**Exercise description**
Having located the line with "The former Cardiff", print it and each remaining line exactly, stopping at the end of the material and omitting pictures.

**Collected material**
%%

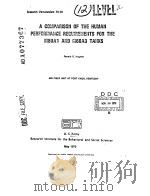 A COMPARISON OF THE HUMAN PERFORMANCE REQUIREMENTS FOR THE M60A1 AND M60A3 TANKS PDF电子版封面 RONALD G.HUGHES
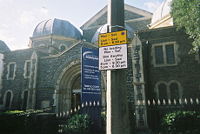 The former Cardiff Synagogue, located on Cathedral Road. There was once a fairly substantial Jewish population in South Wales, most of which has disappeared due to various factors. This synagogue is now an office block.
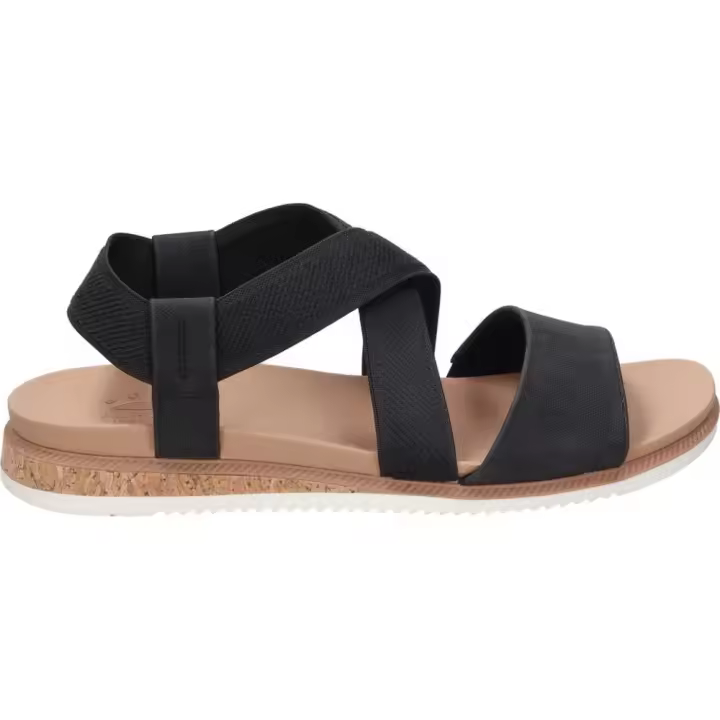 SKECHERS | Sandalias con Cuña Skechers Bobs Desert Kiss Low para Mujer – Sandalia en Color Negro – Sandalia de Verano sin Cierre – Slip On – Cuña Baja y Cómoda – Vegan – Casual – Versátiles – Modelo 114705-BLK - 1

%%

**Answer to the problem**
 The former Cardiff Synagogue, located on Cathedral Road. There was once a fairly substantial Jewish population in South Wales, most of which has disappeared due to various factors. This synagogue is now an office block.
 SKECHERS | Sandalias con Cuña Skechers Bobs Desert Kiss Low para Mujer – Sandalia en Color Negro – Sandalia de Verano sin Cierre – Slip On – Cuña Baja y Cómoda – Vegan – Casual – Versátiles – Modelo 114705-BLK - 1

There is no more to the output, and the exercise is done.